The delayed ‘Trauma Drama’ of heart disease


by Carolyn Thomas    @HeartSisters

Summer Ash is a self-professed space cadet. She’s an astrophysicist at Columbia University’s Department of Astronomy in New York City, where she serves as the Director of Outreach. Five years ago, she underwent open heart surgery after she was diagnosed with an aortic aneurysm (that’s when the tissue of the aorta balloons out dangerously). This condition was likely linked to a congenital heart defect Summer was born with called a bicuspid aortic valve. About 99% of people, she explains, are born with a normal tricuspid aortic valve (meaning three leaflets in the valve), but she was one of the 1% born with only two. With her kind permission, I’m running her story here as it was originally published in 2014 on her blog, Defective Heart Girl Problems.
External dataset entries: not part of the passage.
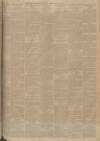 Leeds Mercury Friday 10 February 1911 Page 3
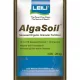  ALGASOIL 20kg granulált műtrágya TENGERI ALGÁBÓL, bio, ÖKOLÓGIAI, ÖKO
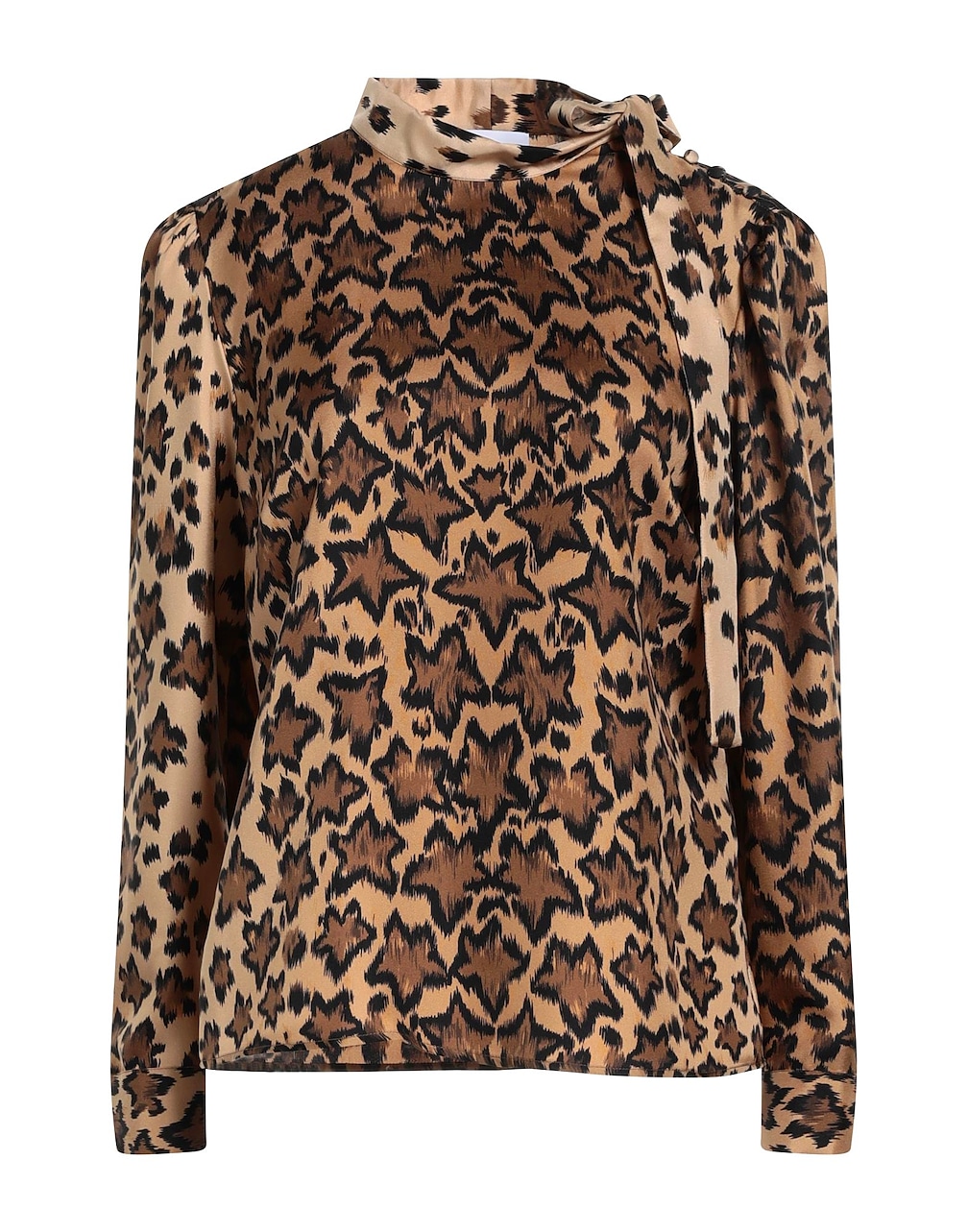 REDValentino - Chemises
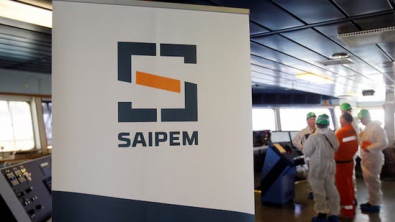 Saipem Poised to Return in Venezuela after U.S. Sanctions Easing
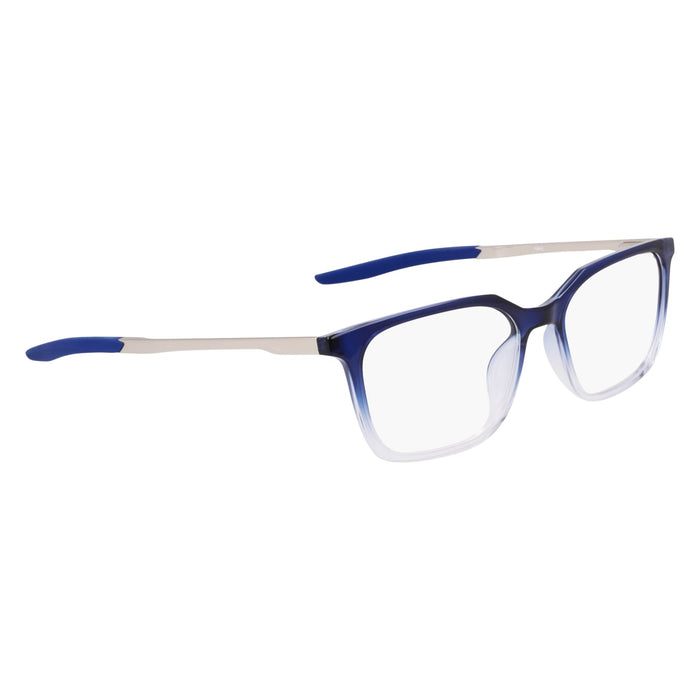 Gafas Graduadas Nike NIKE 7227 416 54 17 — vista 8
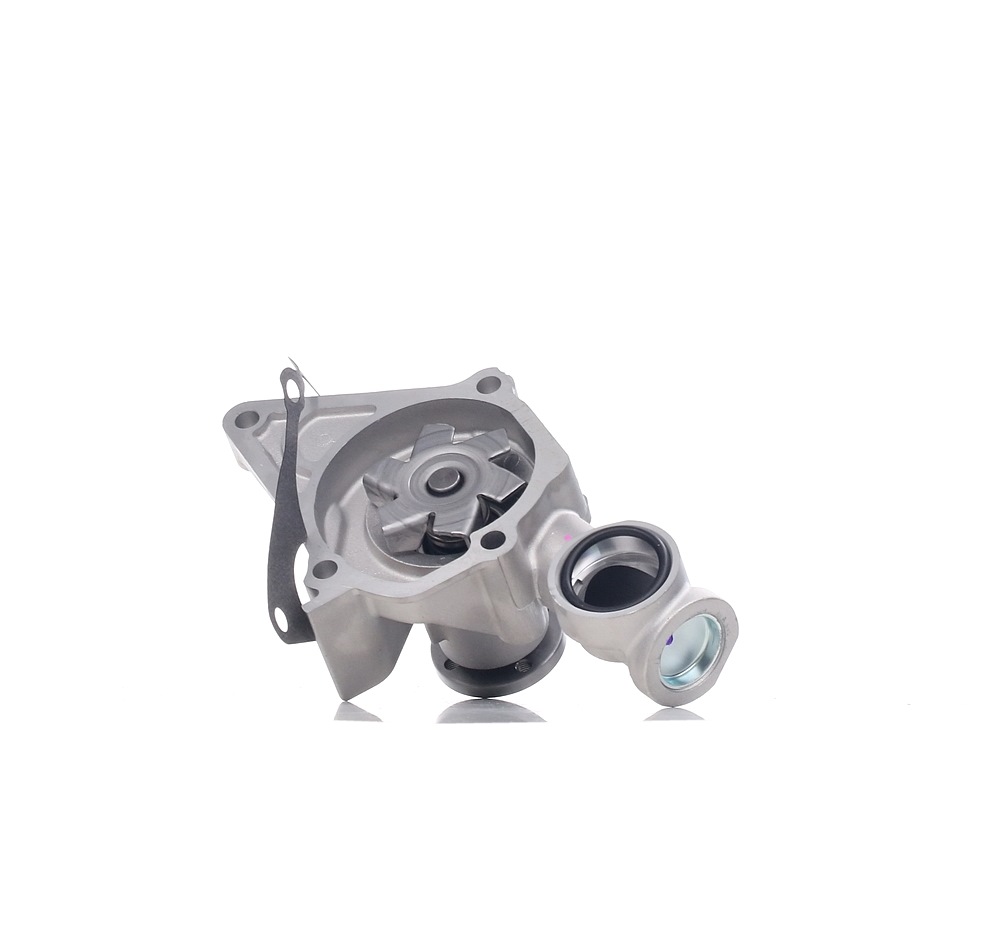 Ostke INA Veepump Toode nr.: 538 0590 10 madala hinnaga 42,81 €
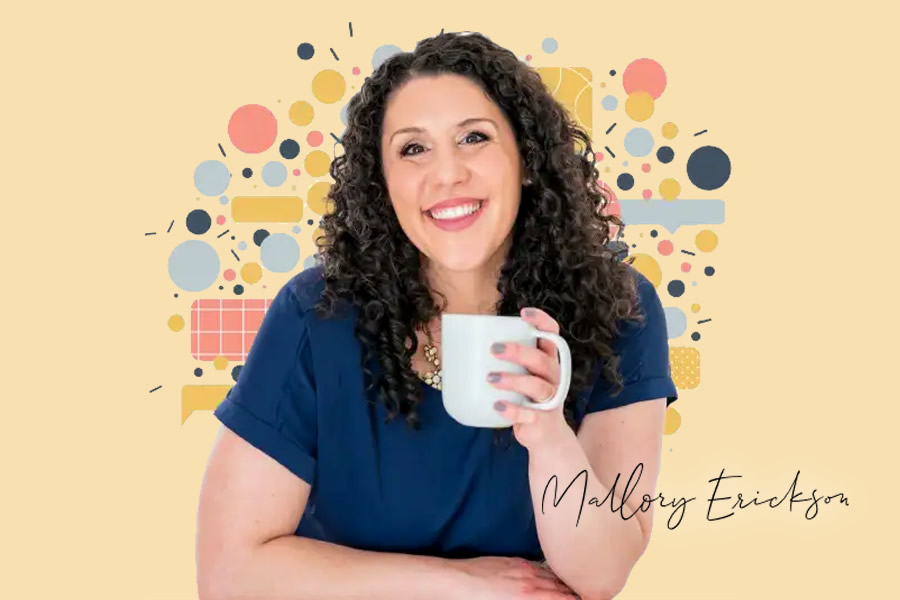 Practice Makes Perfect When Fundraising: Interview with Mallory Erickson of Practivated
“I think there is a big misconception about how fast ‘young people’ heal from a surgery like this. There’s healing and then there’s HEALING. On one hand, being young and strong and in good health (with one obvious exception) means I can physically heal faster than the average open heart surgery patient.

“On the other hand, the average open heart surgery patient is much older and often in poorer health – so much so that doctors often find a less invasive way to operate on the heart: a partial-sternotomy, a thoracotomy in between the ribs, or even going in through the femoral artery, all of which are less invasive than a full sternotomy.

“My surgeon said that since I was in such good shape, he would just go the direct route. My body could clearly take it. I would ‘bounce back’.

“Lucky me.

      Summer Ash

“Turns out growing new bone between my sternum wires, reconnecting my muscles and nerves across my chest, and regaining my strength was the easy part. It’s at least straightforward. There’s a checklist of things to do: sit up, stand up, walk, walk again, and walk some more. Keep walking. It may not be linear (it most definitely was not), but at least there’s a path laid out for you. Millions of people have healed from this before. Six weeks after leaving the hospital, my surgeon declared me fixed and told me to go live my life.

“But almost two years later, I’m struggling to do just that.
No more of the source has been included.